In [None]:
# ===== CONFIGURATION =====
import os

# Set True if running on Colab
USE_COLAB = True

if USE_COLAB:
    from google.colab import drive
    drive.mount('/content/drive', force_remount=True)
    base_path = '/content/drive/MyDrive/svnit_shared_task/shared_task/bhasha-workshop/Task1_I/Data'
else:
    # Local environment
    base_path = os.getcwd()  # assumes notebook is in Data/ folder

# Folders
tsv_folder = os.path.join(base_path, 'Tsv')
kfold_folder = os.path.join(base_path, 'K_Fold')
os.makedirs(kfold_folder, exist_ok=True)

# Languages and K-Fold
languages = ["Bangla", "Hindi", "Malayalam", "Tamil", "Telugu"]
n_splits = 5  # Stratified K-Fold

# N-gram ranges
word_ngram = (1, 2)      # word-level
char_ngram = (2, 6)      # char-level

# Print paths for verification
print("Base Path:", base_path)
print("TSV folder:", tsv_folder)
print("K-Fold folder:", kfold_folder)

Mounted at /content/drive
Base Path: /content/drive/MyDrive/svnit_shared_task/shared_task/bhasha-workshop/Task1_I/Data
TSV folder: /content/drive/MyDrive/svnit_shared_task/shared_task/bhasha-workshop/Task1_I/Data/Tsv
K-Fold folder: /content/drive/MyDrive/svnit_shared_task/shared_task/bhasha-workshop/Task1_I/Data/K_Fold


In [None]:

import pandas as pd
import pickle
from sklearn.feature_extraction.text import CountVectorizer
from sklearn.model_selection import StratifiedKFold

data_dict = {}  # store DataFrame per language

for lang in languages:
    tsv_file = os.path.join(tsv_folder, f'{lang}_labels.tsv')
    if os.path.exists(tsv_file):
        df = pd.read_csv(tsv_file, sep='\t')
        data_dict[lang] = df  # store in dict
        print(f"{lang} TSV loaded: {len(df)} rows, columns: {list(df.columns)}")

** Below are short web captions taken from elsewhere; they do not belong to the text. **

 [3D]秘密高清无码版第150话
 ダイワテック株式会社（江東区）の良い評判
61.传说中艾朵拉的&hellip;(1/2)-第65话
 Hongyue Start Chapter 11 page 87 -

        # Count label distribution
        label_counts = df['label'].value_counts()
        n_0 = label_counts.get(0, 0)
        n_1 = label_counts.get(1, 0)
        print(f"{lang} TSV -> Total: {len(df)}, Label 0: {n_0}, Label 1: {n_1}")
        print()
    else:
        print(f"{lang} TSV not found!\n")

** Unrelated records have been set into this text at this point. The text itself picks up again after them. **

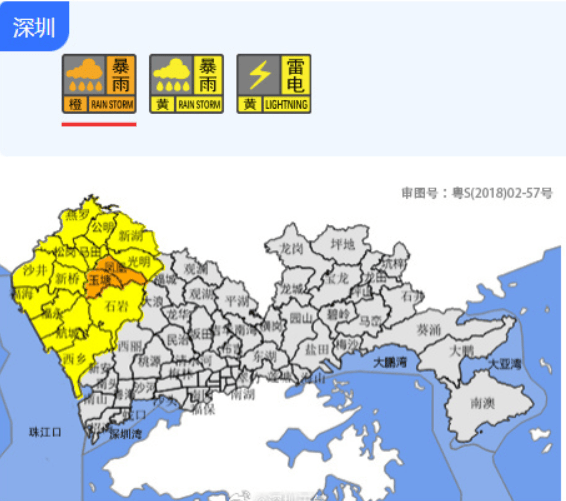 今天<strong></p>
<p>大数据</strong>，7号台风“范斯高”生成！深圳暴雨风险仍高！海上还有新消息......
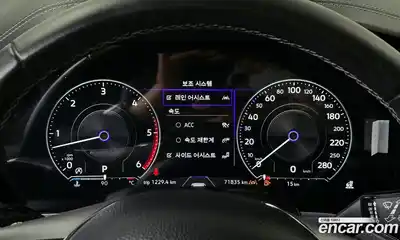 Volkswagen Touareg 2020 3.0 Автомат в Москве № 168807, миниатюра 8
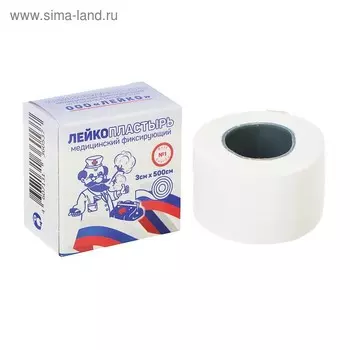 Лейкопластырь на тканевой основе катушка в индивидуальной упаковке 3х500 см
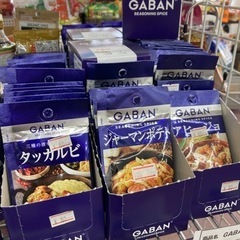 【激安】GABAN タッカルビ　ジャーマンポテト　アヒージョ　各80円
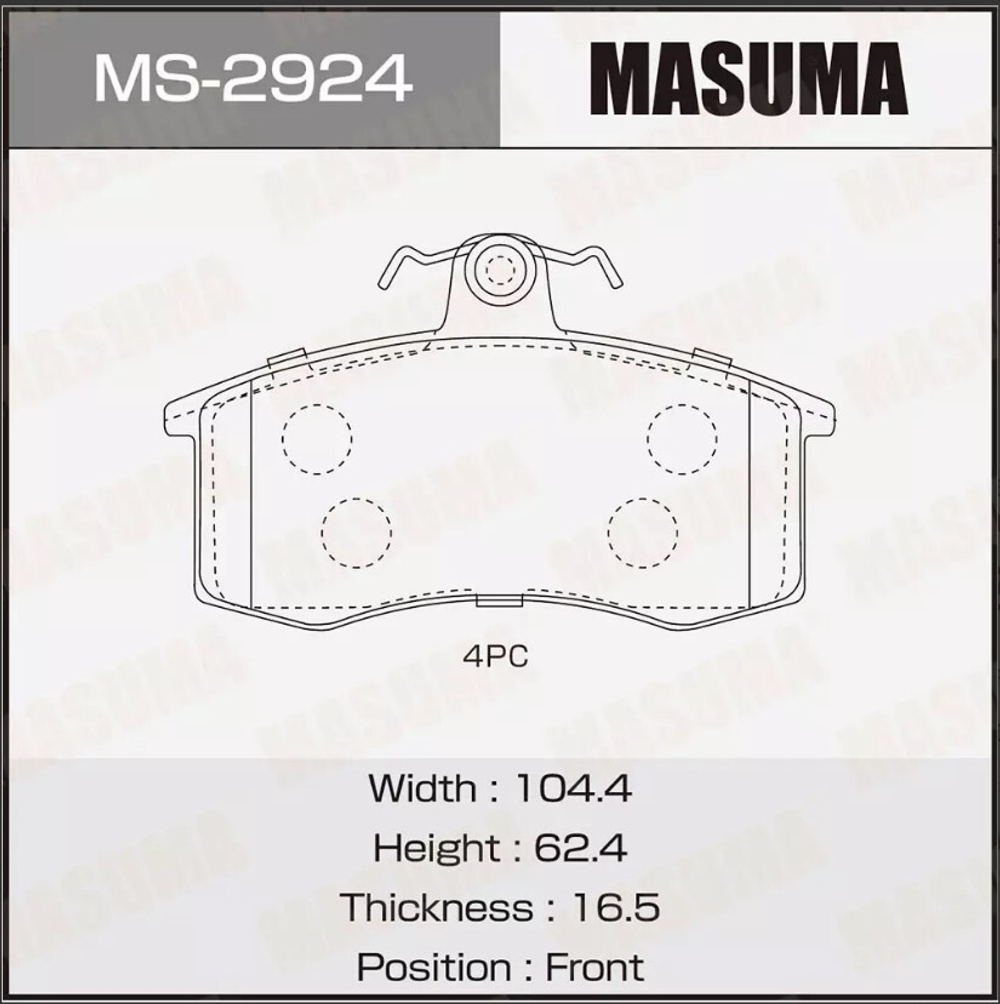 Колодки тормозные передние для ВАЗ 2109, 2110, 2114, Калина, Приора, Гранта Masuma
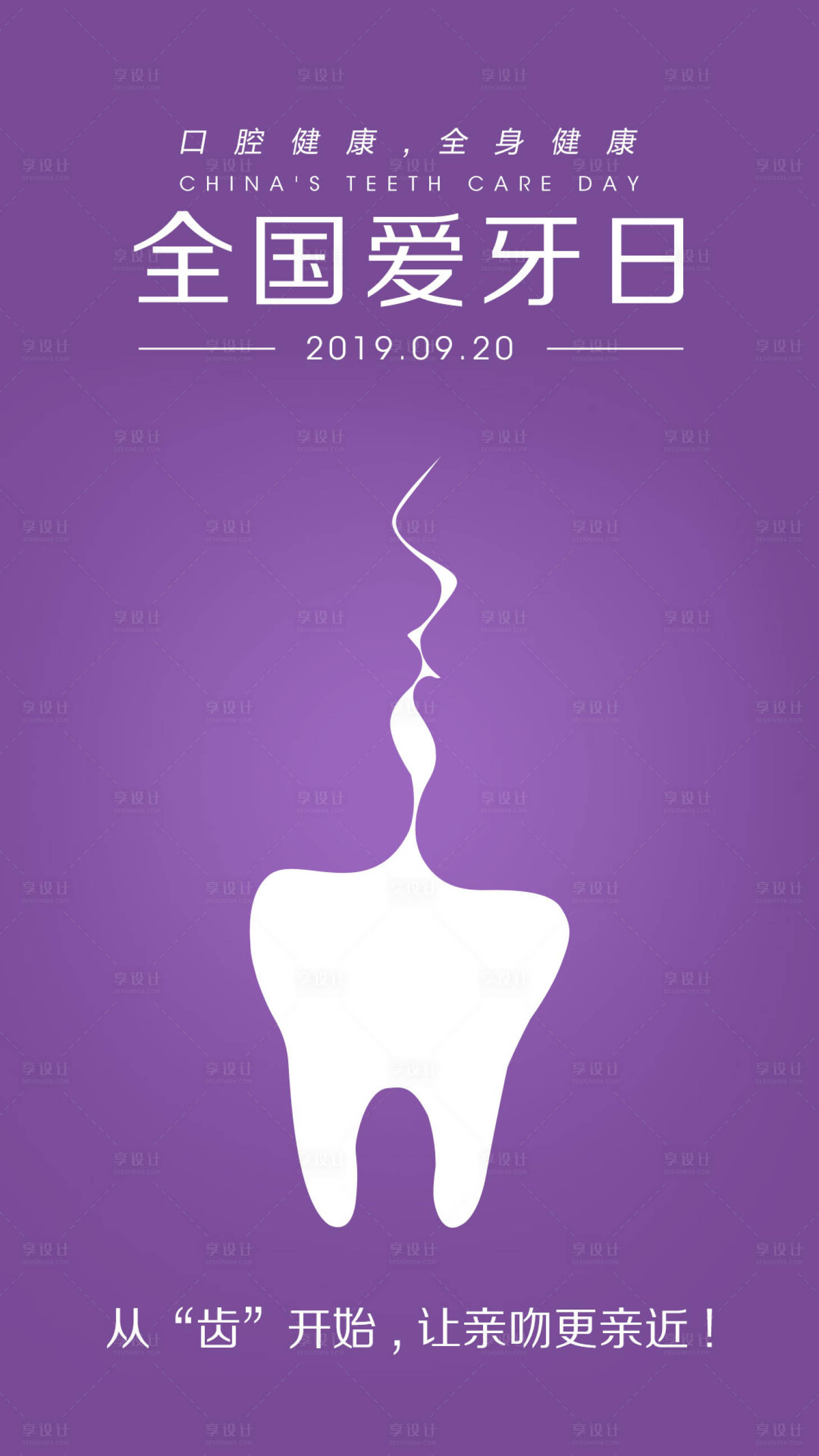 源文件下載【全國愛牙日】編號：99500009428279181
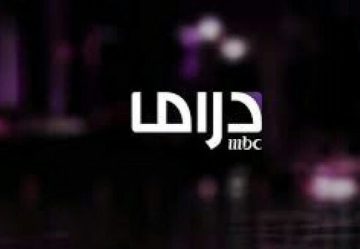 مسلسلات رمضان.. تردد قناة ام بي سي دراما 2024 الجديد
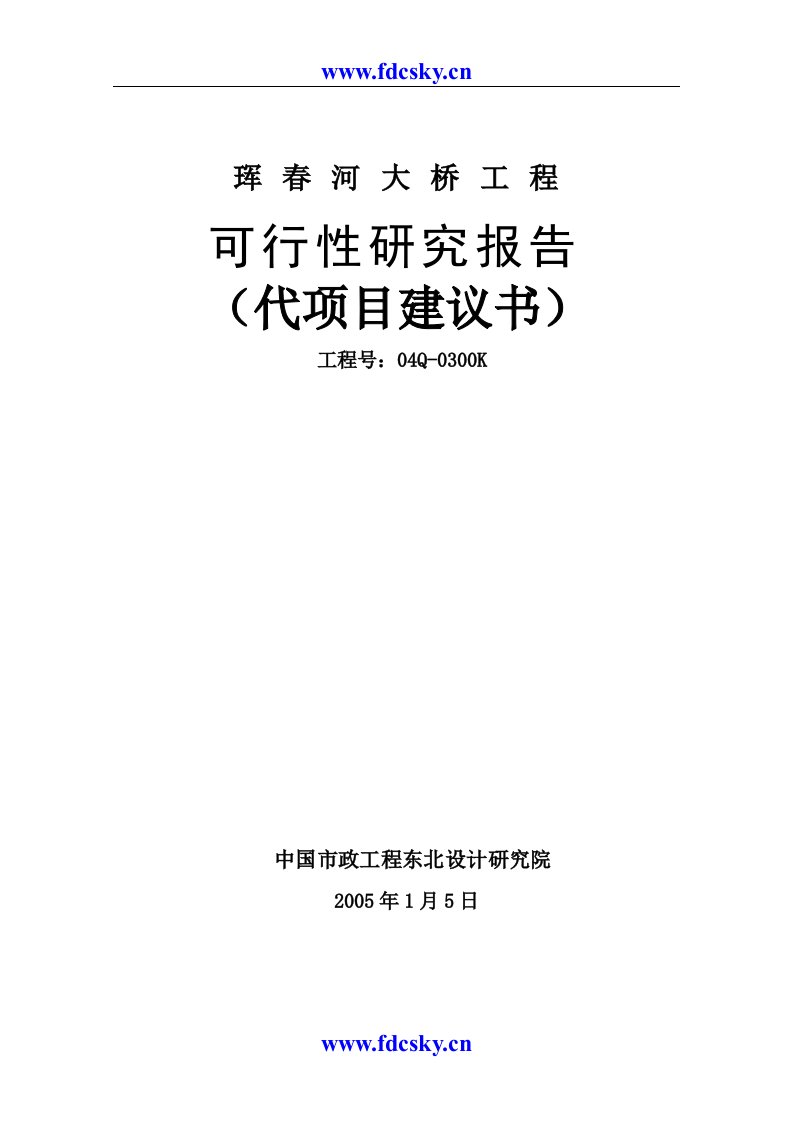 05年吉林省珲春市珲春河大桥工程可行性研究报告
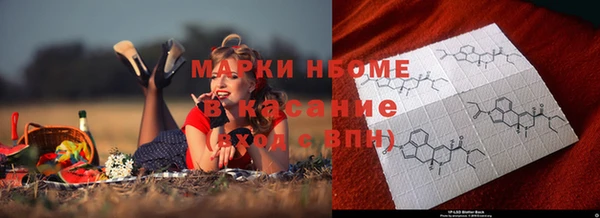 бутик Алзамай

Bangla TSV loaded: 598 rows, columns: ['text', 'label']
Bangla TSV -> Total: 598, Label 0: 176, Label 1: 422

Hindi TSV loaded: 599 rows, columns: ['text', 'label']
Hindi TSV -> Total: 599, Label 0: 54, Label 1: 545

Malayalam TSV loaded: 300 rows, columns: ['text', 'label']
Malayalam TSV -> Total: 300, Label 0: 2, Label 1: 298

Tamil TSV loaded: 91 rows, columns: ['text', 'label']
Tamil TSV -> Total: 91, Label 0: 0, Label 1: 91

Telugu TSV loaded: 599 rows, columns: ['text', 'label']
Telugu TSV -> Total: 599, Label 0: 47, Label 1: 552



In [None]:
for lang, df in data_dict.items():
    X = df['text']
    y = df['label']
    skf = StratifiedKFold(n_splits=n_splits, shuffle=True, random_state=42)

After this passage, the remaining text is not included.